How can we be sure that dreaming is a real phenomenon? It seems like there is no scientifically objective way to know that a person is dreaming; the most we can do is ask them. We are relying on our own subjective experiences, which we cannot verify, and the words of others, which we cannot verify either. REM sleep is correlated with claims of dreaming, but mental activity isn't granular enough to figure out whether a person is in fact *experiencing* an absurd fantasy world rather than simple darkness. Is it possible to approach dreams and dreaming scientifically, if we have no way to examine or verify them or their existence in any way beyond subjective claims?
Accepted:
January 31, 2014

Comments

Eddy Nahmias
February 6, 2014 (changed February 6, 2014) Permalink

These are great questions. There have been philosophical arguments that suggest that it is impossible to know whether dreams occur while we sleep or are just confabulations we create as or after we awake (call this 'dream skepticism'). These arguments fail once we consider all the evidence and use abductive (best explanation) reasoning. When we wake people during REM, they are likely to report dreams. When we wake them during other phases of sleep, they are unlikely to report (or remember) dreams. When we record neural activity using EEG and now fMRI, we see activity that correlates both with the sorts of experiences reported by the dreamer and with the sorts of activity that correlates with similar waking experiences (fMRI cannot get at all of what you call the "granularity of experiences" but see the link below for an initial attempt). Etc. This body of data could be explained away by a dream skeptic, but that explanation would likely look ad hoc and fail to make predictions as good as the hypothesis that dream experiences are real, in the sense that they occur during sleep and have roughly the content people report (though first-person reports of even waking experience can be inaccurate in lots of ways, and since we cannot report the content of dreams while they occur, the inaccuracies of memory come into play... except that people can make reports of a sort--e.g., intentional eye movements--during lucid dreaming: see http://en.wikipedia.org/wiki/Lucid_dream)
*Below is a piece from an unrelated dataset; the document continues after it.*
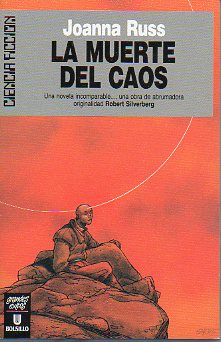 LA MUERTE DEL CAOS. 1 ed.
Dream skepticism is one version of the more general problem of other minds--how can we know what other people are experiencing from the first person point of view (or that they are experiencing anything). The sort of 'best explanation' approach described briefly above is, I think, the best way to approach the general problem too. We have lots of reason, including lots of evidence, to think that neural activity correlates with (and is, in some sense, the basis of) conscious mental activity. So, we have lots of reasons to think that creatures with neural activity similar to our own have conscious experiences similar to our own. And this view makes lots of accurate predictions and explains lots of other observations. Etc.